A statement from the bank added that previously announced wind-downs of Citi’s consumer businesses in China and Korea and overall presence in Russia are in progress. Citi also announced that it will pursue an IPO of its consumer, small business and middle market banking operations in Mexico, and that it has restarted the exit process for the consumer banking business in Poland.

Titi Cole, Citi’s head of legacy franchises, said in a media statement: “Completing our final divestiture of a full consumer franchise in Asia marks a significant milestone in simplifying the firm. This is a testament to the commitment of our employees across these markets and a clear demonstration of Citi’s ability to execute on our strategy. We are sincerely grateful to our former employees in Indonesia and wish them the very best in their careers with UOB.”

Earlier this year in August Citi completed the sale of its consumer business in Taiwan to DBS for around $1.2 billion.

Asia management changes, global restructure

As part of Citi’s recent global restructuring, the bank has named senior leadership for its banking clusters across Asia. 

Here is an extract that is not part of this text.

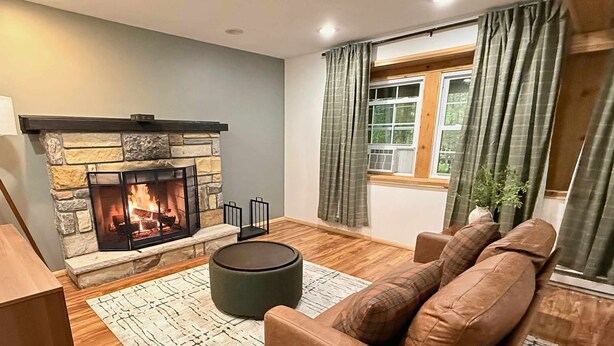 A living room with a stone fireplace, a brown leather sofa, and a patterned rug. - Firelight Escape w/ Hot Tub, Games & Resort Access (Tobyhanna Township)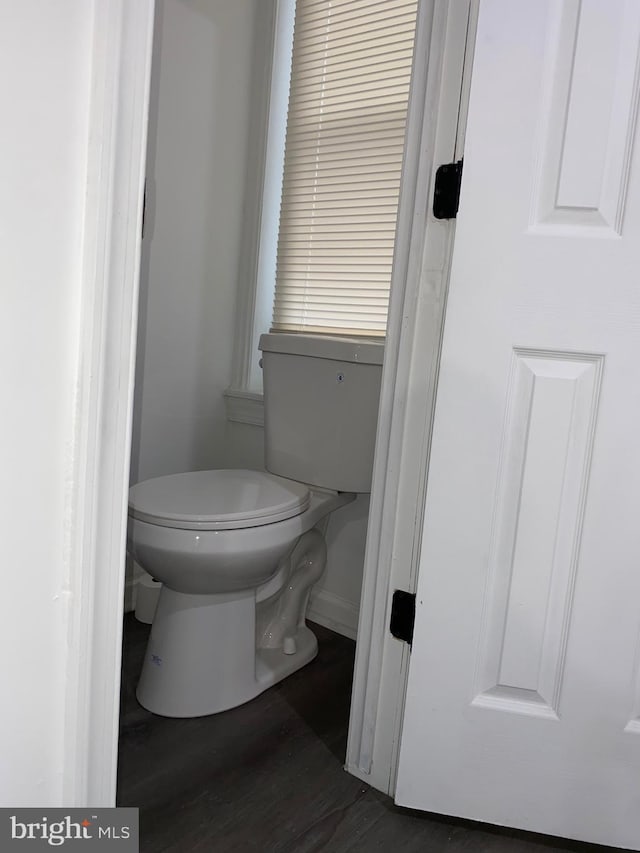 bathroom with toilet and wood finished floors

Former banking, capital markets and advisory head for Asia Jan Metzger will lead Citi’s investment banking franchise for the Asia North & Australia and Asia South Cluster.

Citi has raised over $150 billion for Asian clients in 2023 across equity and debt capital markets, including key IPOs such as for clients including TBP's $659 million IPO, Cube Highways Trust's $638 million IPO and Sichuan Kelun-Biotech's $200 million IPO.

Gunjan Kalra will continue to lead Citi’s commercial banking business for Asia North & Australia and Asia South, while former Asia corporate head bank Kaleem Rizvi has been appointed as Citi's corporate bank head for Asia North & Australia, and K Balasubramanian has been appointed as the head of corporate banking for Asia South.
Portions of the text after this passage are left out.